Top of Data section

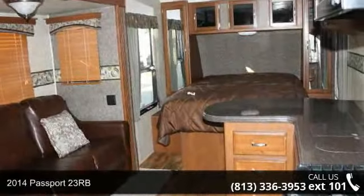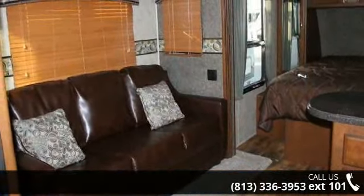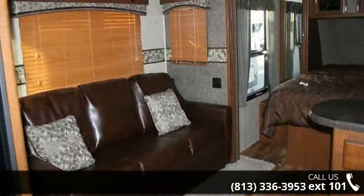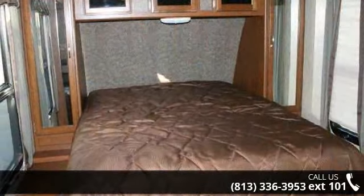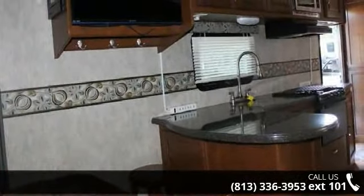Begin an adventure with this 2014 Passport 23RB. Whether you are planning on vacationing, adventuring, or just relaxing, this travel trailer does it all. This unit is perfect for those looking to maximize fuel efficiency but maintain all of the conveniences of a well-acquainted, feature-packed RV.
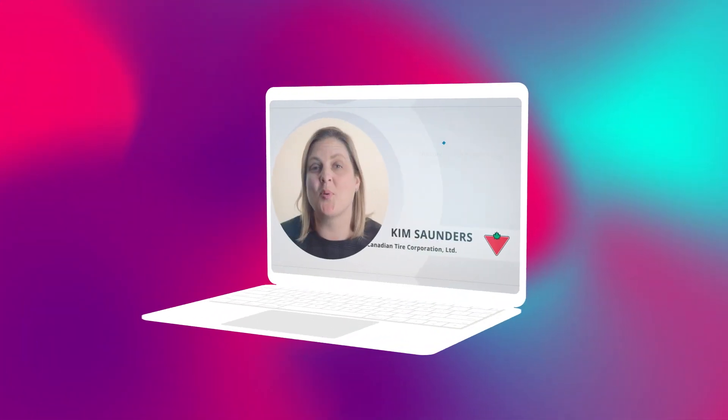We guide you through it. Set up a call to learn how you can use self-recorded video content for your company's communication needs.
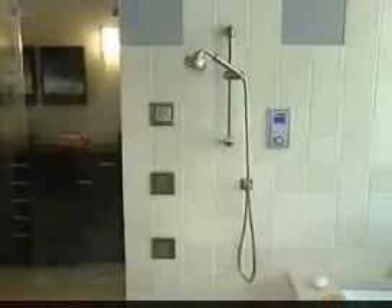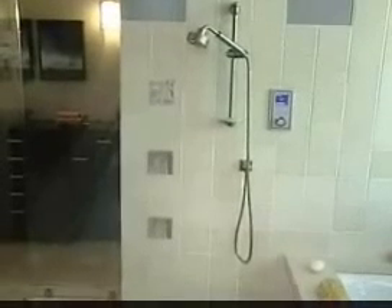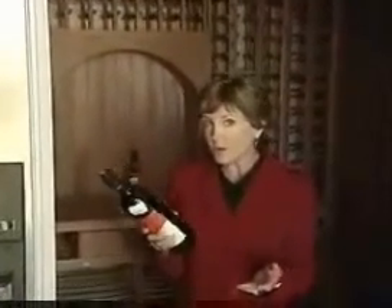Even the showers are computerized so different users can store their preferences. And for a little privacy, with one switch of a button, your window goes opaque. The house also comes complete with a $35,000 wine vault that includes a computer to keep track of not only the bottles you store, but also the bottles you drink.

Bottom of Data section

> [Try it] Could you copy the data above exactly, leaving the pictures out?

> [Response]
Begin an adventure with this 2014 Passport 23RB. Whether you are planning on vacationing, adventuring, or just relaxing, this travel trailer does it all. This unit is perfect for those looking to maximize fuel efficiency but maintain all of the conveniences of a well-acquainted, feature-packed RV.
We guide you through it. Set up a call to learn how you can use self-recorded video content for your company's communication needs.
Even the showers are computerized so different users can store their preferences. And for a little privacy, with one switch of a button, your window goes opaque. The house also comes complete with a $35,000 wine vault that includes a computer to keep track of not only the bottles you store, but also the bottles you drink.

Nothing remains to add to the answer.